Tuesday, June 18, 2013
Center on Budget and Policy Priorities: States Should React Cautiously to Recent Income Tax Growth April Surge Provides Opportunity to Invest in Infrastructure, Boost Reserves:
Recent tax collections are considerably higher than last year in most states and, in many cases, exceed states’ projections when they adopted their current budgets in the spring of 2012. In 32 states for which data are available, state tax collections in the first ten months of fiscal year 2013 were 5.7 percent higher than in the same period last year, on average.
A closer look into the tax collection reports reveals that:
- Much of the recent growth is in the income tax. With two months left in the fiscal year, the typical state has collected 8.9 percent more personal income taxes than it did in the same period last year. Sales taxes have grown more slowly. This is, in part, the latest demonstration of the fact than income taxes rise more rapidly than sales taxes during periods of economic growth.
- The revenue growth and particularly income tax growth is nationwide. Some 26 of the 30 states for which data are available experienced double-digit growth in income taxes between April 2012 and April 2013.

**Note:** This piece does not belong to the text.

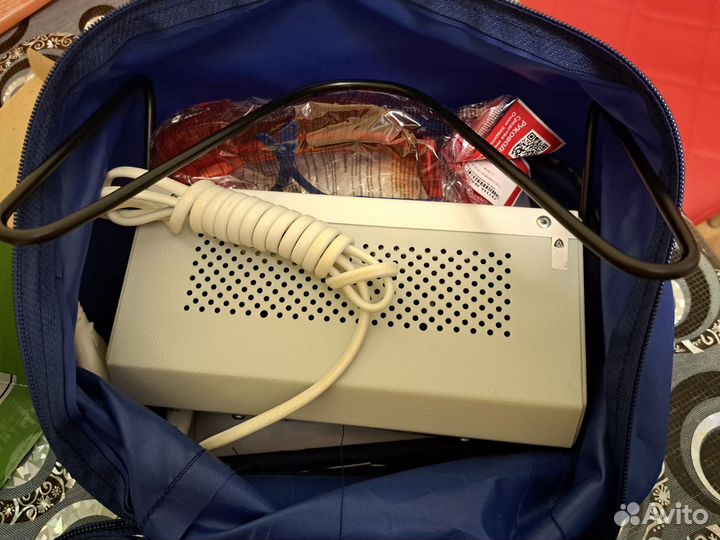 Облучатель ультрафиолетовый кварцевый оуфк-01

- While a portion of the income tax growth reflects the economic recovery, an additional portion reflects wealthy taxpayers shifting income into 2012 that they would have received in 2013 in anticipation of federal tax rate increases in 2013.
- Even with this recent growth, state tax revenues have not recovered from the Great Recession. Revenues likely still remain more than 3 percent below pre-recession levels, after adjusting for inflation. And because of the one-time nature of much of the recent revenue growth, revenue growth is likely to slow again.